IQOS, which electronically heats tobacco enough to produce a vapour without burning it, is currently in 20 markets, including most notably Japan, and will be in as many as 30 by the end of this year, Philip Morris said on Wednesday.

BAT said on Thursday it now had the biggest vapour business in the world outside of the United States and was present in 10 markets, with almost 40 percent of the market in Britain and around 50 percent in Poland.

The company, which in January quit plans to market a nicotine inhaler called Voke, plans to double the number of markets where it offers cigarette alternatives this year, and again next year.

"It is really only the beginning," Kingsley Wheaton, head of next generation products at BAT, told journalists, adding BAT had invested over $1 billion in cigarette alternatives. "We are committed to delivering more innovation and less harm."

BAT said initial results were very encouraging for a new tobacco heating device called Glo it launched in Sendai, Japan in December, which takes aim at IQOS. BAT plans to roll-out and upgrade the product in 2017 and beyond.

Some analysts said a lack of detail left them unimpressed, especially after Philip Morris broke out the 2016 net revenue contribution from so-called reduced risk products, which include IQOS, as $739 million, less than 1 percent of its total revenue.

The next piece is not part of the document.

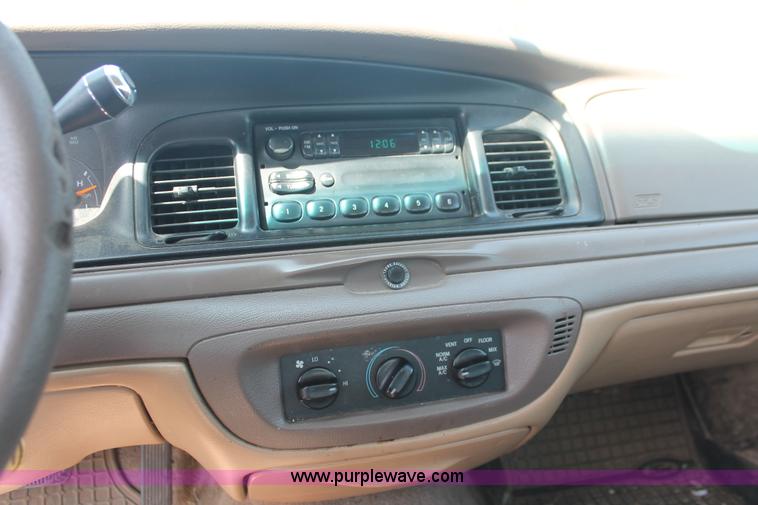 image for item I8088 1997 Ford Crown Victoria Police Interceptor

"In the heated product, it would be very fair to say Philip Morris is significantly ahead," Shane MacGuill, Head of Tobacco Research at Euromonitor International, told Reuters.

BAT, the maker of Dunhill and Lucky Strike cigarettes, said cigarette volume grew 0.2 percent to 665 billion in 2016, adding that although it fell 0.8 percent on an underlying basis, it outperformed the industry which saw a roughly 3 percent decline.

Adjusted profit from operations rose 9.8 percent to 5.48 billion pounds ($6.83 billion). Revenue climbed 12.6 percent to 14.75 billion pounds, helped by a weaker British pound.